Tiller (the Helm server-side component) has been upgraded to the current version.
Happy Helming!

Even helm reset hangs:

$ helm reset --debug --force
[debug] Created tunnel using local port: '46474'

[debug] SERVER: "localhost:46474"
(hang)

Tiller-deploy pod does not show anything in the log once started:

[main] 2017/11/13 09:37:29 Starting Tiller v2.7.0 (tls=false)
[main] 2017/11/13 09:37:29 GRPC listening on :44134
[main] 2017/11/13 09:37:29 Probes listening on :44135
[main] 2017/11/13 09:37:29 Storage driver is ConfigMap
[main] 2017/11/13 09:37:29 Max history per release is 0

I tried restarting my PC and manually destroying all tiller resources on the cluster, the reinstallation of tiller works (helm init) but then, nothing.
For example if I install any application in it:

$ helm install /path/to/chart \
                 --version=v0.1.0 \
                 --name=appname \
                 --namespace=sandboxname \
                 --debug \
                 -f config.yaml
[debug] Created tunnel using local port: '36848'

[debug] SERVER: "localhost:36848"

[debug] Original chart version: "v0.1.0"
[debug] CHART PATH:  /path/to/chart
(hang here)

Do you have any idea on how to debug it?
Thanks

@gsemet
Copy link
Author

gsemet commented Nov 14, 2017

Anyone?

@bacongobbler
Copy link
Member

Hi @stibbons, sorry we didn't get back to you sooner. I'm just getting back from vacation. Let me take a look at this after I get some ☕️ and 🍞.

@bacongobbler
Copy link
Member

Can you try using a combination of kubectl -n kube-system port-forward my-tiller-pod 44134:44134 and HELM_HOST=127.0.0.1:44134 helm list? Curious as to see why the connection is hanging. It sounds like it could be an internal networking issue within the kubernetes cluster, but I'm not entirely sure what the root cause would be.

@gsemet
Copy link
Author

gsemet commented Nov 14, 2017

helm list also stuck, look like we have several problem.

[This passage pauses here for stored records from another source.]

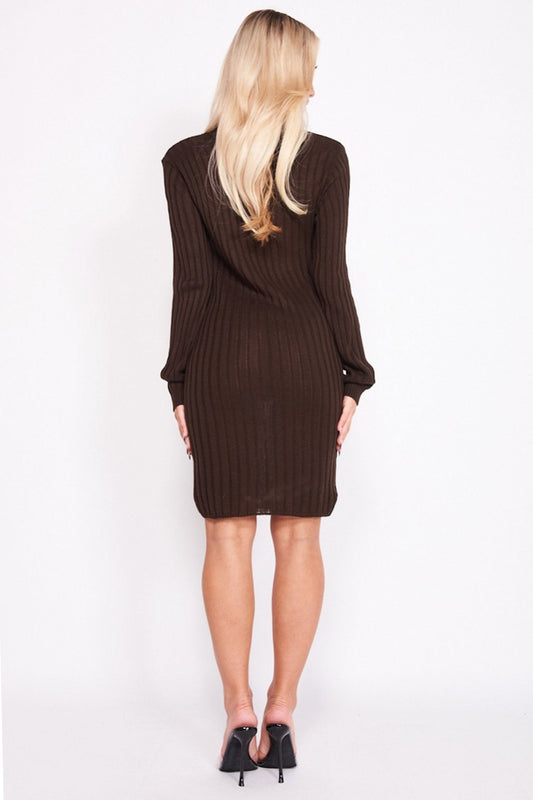 Brown elastic dress with high collar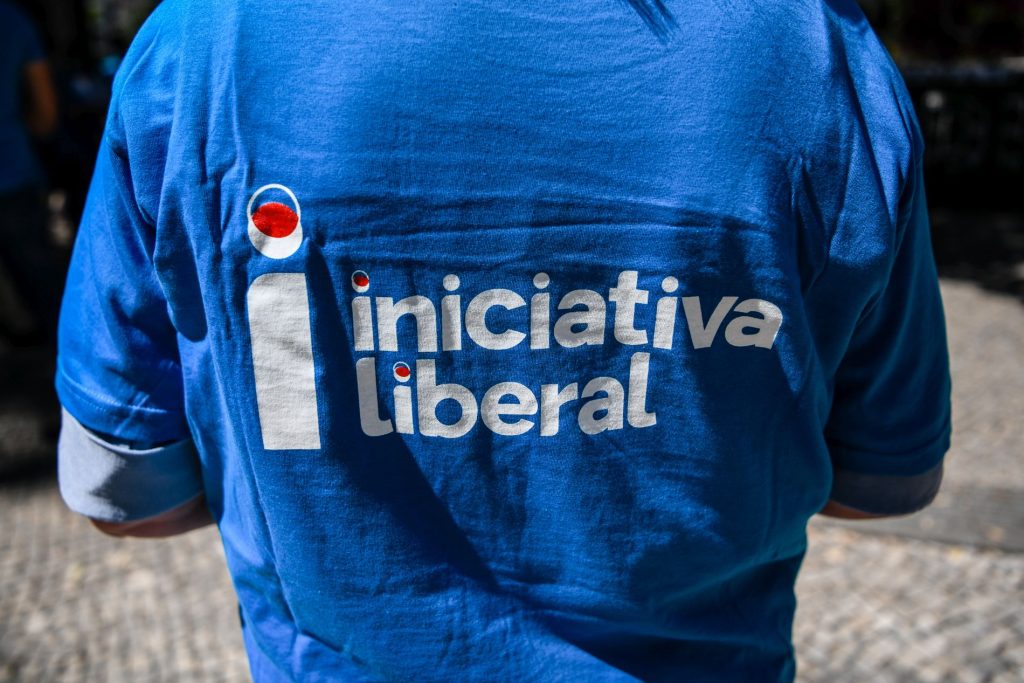  Núcleo da Iniciativa Liberal de Viseu condena instalação de Bordalo II na campa de Salazar - Jornal do Centro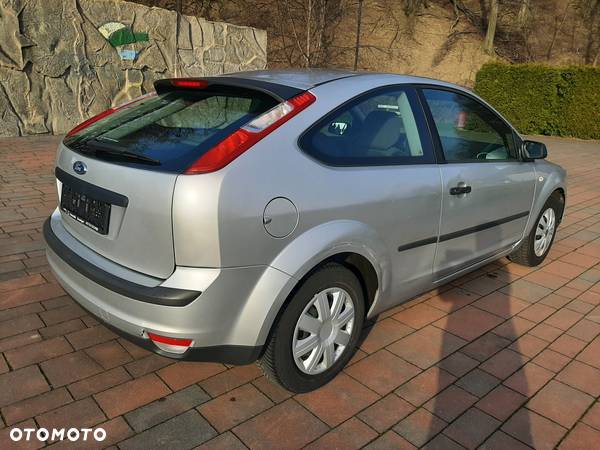 Ford Focus 1.4 16V Ambiente - 5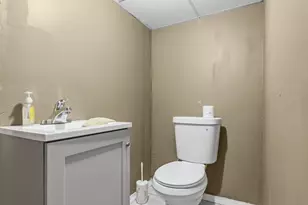 31 Sachem St, Fall River, MA 02724 - Photo 26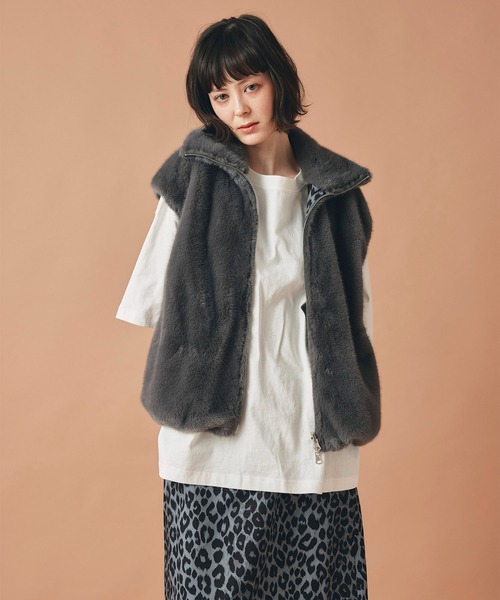 AT THE TRNK(アットザトランク)の「オリジナル レオパード柄 ファー リバーシブル ベスト AT THE TRNK(その他アウター・レディース・グレー/ブラウン・フリー)」の14枚目の写真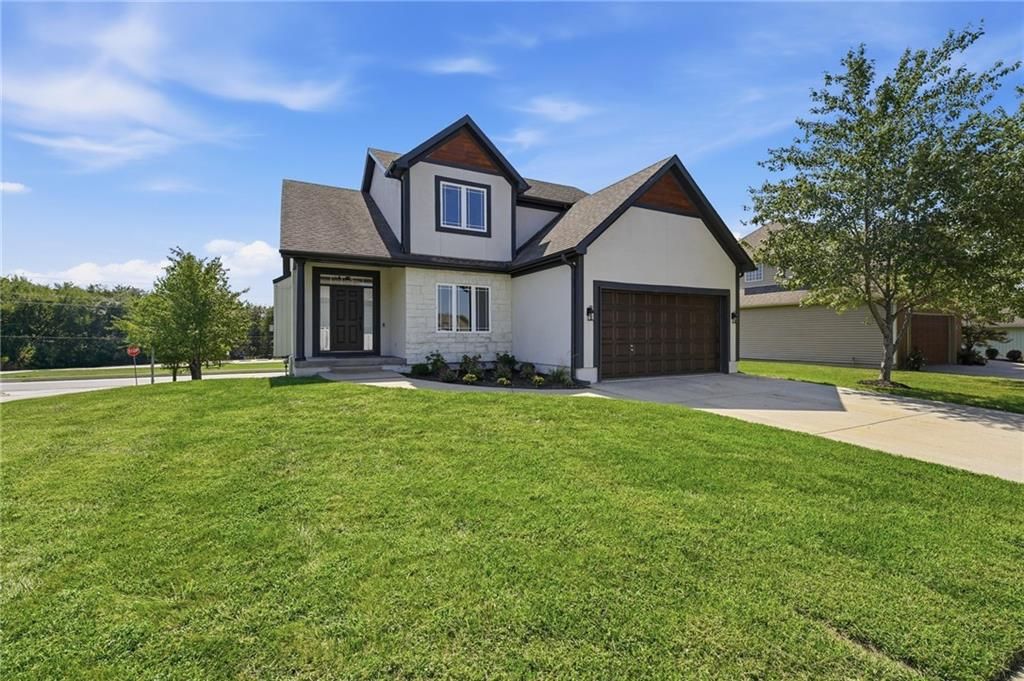 1816 NE Volos Court, Blue Springs, MO 64029
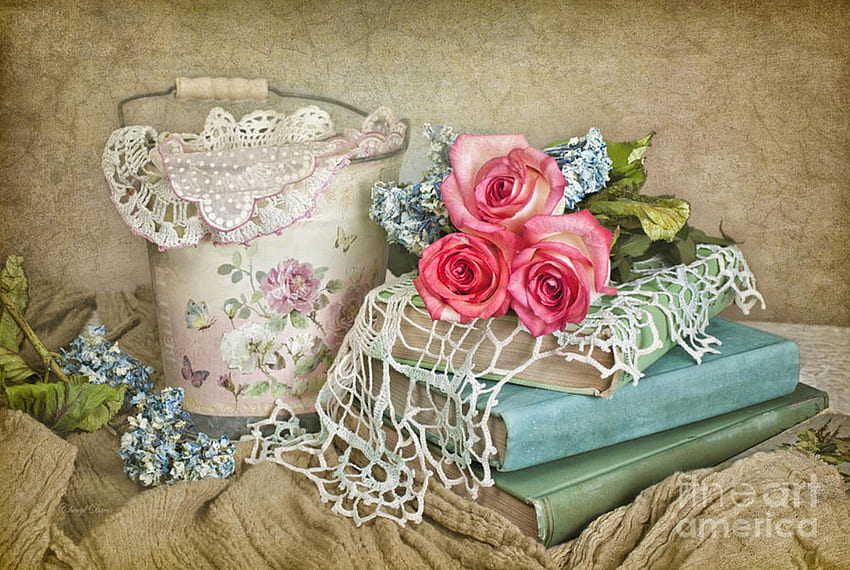ヴィンテージの本とバラ (AA 用)、本、静物、ピンクのバラ、美しい、ヴィンテージ 高画質の壁紙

On direct connection to the cluster (so without forwarding), helm list shows the following error on our service account we use for Tiller:

Error: configmaps is forbidden: User "system:serviceaccount:<namespace>:default" cannot list configmaps in the namespace "<namespace>" 

Using the right service account does not change, helm * commands are still stuck, like if tiller does not listen on localhost
All other thing works on our kubeserver

@bacongobbler
Copy link
Member

Sorry, I'm not sure I quite understand here. Can you explain how you set up tiller to talk to the right service account, and how you set up that service account? Were you following the documentation as described in #3094 or some other documentation?

@gsemet
Copy link
Author

gsemet commented Nov 14, 2017

I need to deep dive more in our RBAC configuration, but on kube 1.6, we set up RBAC and Tiller was fine, using an account named tiller-sa with the right accounts, but may have been done manually by someone. Having updated to 1.8, and so reployed helm completely, helm complained with this error(configMap) but was not shown by me because of the network/forwarding issue.
I now deploy helm with helm init --service-account tiller-sa and now it does not complain on helm list from within the cluster.

Now, from my machine, where is used to work, now I cannot send any command to helm, the port forward does nothing (even helm list with the port forwarding your recommended does nothing).

TD;DR: service account was not the issue blocking helm command. Something else blocking the commands. Do you have any idea on how to debug what going on between the helm container and the proxy? Because, kubectl proxy works, so I am able to connect to kube api server. Just, connection to the helm container fails since we migrated to kube 1.8 (note that I am not aware of all changes done by our IT team on our the config of kube).

@gsemet
Copy link
Author

gsemet commented Nov 17, 2017

Look my issue comes from the fact the Tiller service is a ClusterIP node, and we cannot access to these ip adress from outside the cluster. Is it possible to use an ingress for tiller, so it would be exposed to outside of our cluster like any other pods? How can I tell to the helm commands (list, install, ...) to use this endpoint instead of something else?

@bacongobbler
Copy link
Member

You can set the HELM_HOST environment variable on your client to point helm directly to a tiller instance. Is that what you're looking for?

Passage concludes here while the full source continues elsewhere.